How has this writer remained so popular, revered, and read for almost 200 years? And why am I listing him among literary mystery novelists?

In answer to the second question, many of Dickens’s books were built around a mystery and/or crime—Oliver Twist (full of criminals, a nasty murder, and a mystery), Nicholas Nickleby (riddled with crimes and mysteries), Barnaby Rudge (a murder mystery with an insurrection), Martin Chuzzlewit (multiple murders), Bleak House (murder and the first police detective!), A Tale of Two Cities (crammed with crimes and mysteries), Great Expectations (begins with a jailbreak, loaded with crimes & mysteries), Our Mutual Friend (identity theft and murder), and of course, the unfinished The Mystery of Edwin Drood (plotting for murder, drug addiction, possible murder). Also, Dickens is an author the academic and literary elites have, at times, named too popular to be of literary worth, much as they do with modern mystery writers.

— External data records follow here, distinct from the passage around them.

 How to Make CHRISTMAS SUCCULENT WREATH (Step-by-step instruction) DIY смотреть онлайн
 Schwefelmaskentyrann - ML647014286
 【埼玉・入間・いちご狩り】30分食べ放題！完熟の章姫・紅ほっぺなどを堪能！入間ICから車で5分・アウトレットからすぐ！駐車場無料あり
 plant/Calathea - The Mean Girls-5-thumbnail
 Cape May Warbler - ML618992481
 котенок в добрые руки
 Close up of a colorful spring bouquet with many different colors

As for the first question, I study Dickens to this day, trying to learn the answer to that. If I knew it, I could perhaps be as great and greatly loved a writer myself. Failing that, I can best answer it with quotes from other writers about Dickens.

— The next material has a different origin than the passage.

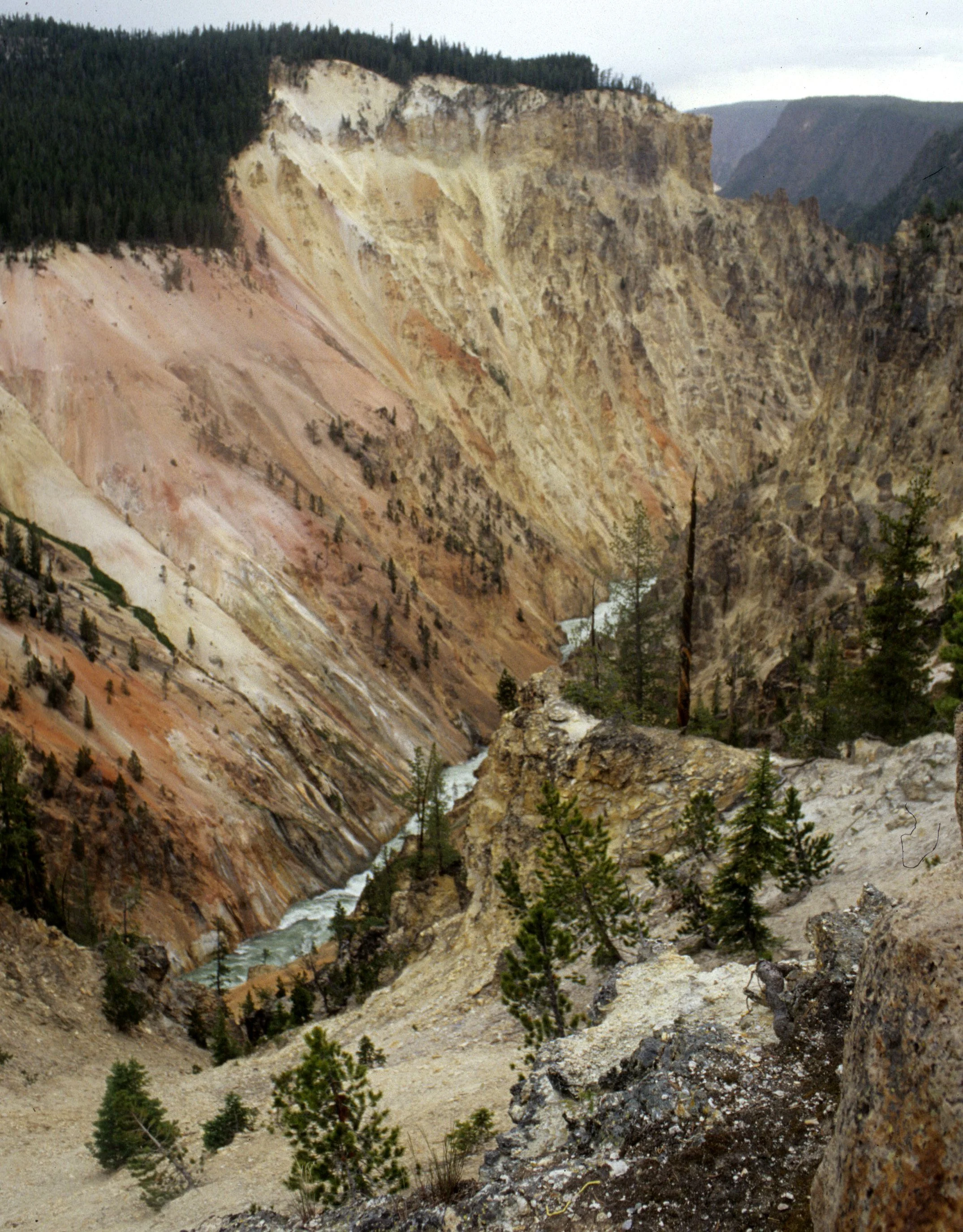 YELLOWSTONE - CANYON VIEW I.jpg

"The reason I love him so deeply is that, having experienced the lower depths, he never ceased, till the day he died, to commit himself, both in his work and in his life, to trying to right the wrongs inflicted by society, above all, perhaps by giving the dispossessed a voice. From the moment he started to write, he spoke for the people, and the people loved him for it, as do I."  — Simon Callow

"I cannot lose the opportunity of saying how much I love and esteem him for what he has taught me through his writings -- and for the genial influence that these writings spread around them wherever they go. Never having seen Boz in the body, we have yet had many a tête-à-tête."  — Walt Whitman

"For all his faults, there is still no one to touch him -- for breadth, for depth (especially in the later novels), for moral seriousness, hilarious comedy, social criticism and for filling a room with characters you suddenly know better than some of your closest friends."  — Katherine Ashenburg

"Books such as ‘Great Expectations’ were part of the great moral revolution which made [Great Britain] prosperous, ordered and civilised.  They are crucial to our civilisation.  Like all great moral books, it makes the reader envy the good characters their goodness, and want to emulate them. It made us recognise the good and the bad in ourselves -- in fact Dickens ceaselessly did this, probably because he was himself struggling all the time against his own cruelty and selfishness, and loathed these things in others."  — Peter Hitchens

“The art of Dickens was the most exquisite of arts: it was the art of enjoying everybody. Dickens, being a very human writer, had to be a very human being; he had his faults and sensibilities in a strong degree; and I do not for a moment maintain that he enjoyed everybody in his daily life. But he enjoyed everybody in his books: and everybody has enjoyed everybody in those books even till to-day.”  — G.K. Chesterton

“Dickens is huge—like the sky. Pick any page of Dickens and it’s immediately recognisable as him, yet he might be doing social satire, or farce, or horror, or a psychological study of a murderer—or any combination of these. He’s always much more than you remember—more playful, more surreal, more campaigning, more sentimental, more Victorian, more good and more bad."  — Susannah Clarke

Thomas Carlyle upon hearing of his death said: “The good, the gentle, high-gifted, ever-friendly, noble Dickens—every inch of him an honest man.” 

Happy 200th birthday, Charlie! You’re still the Inimitable!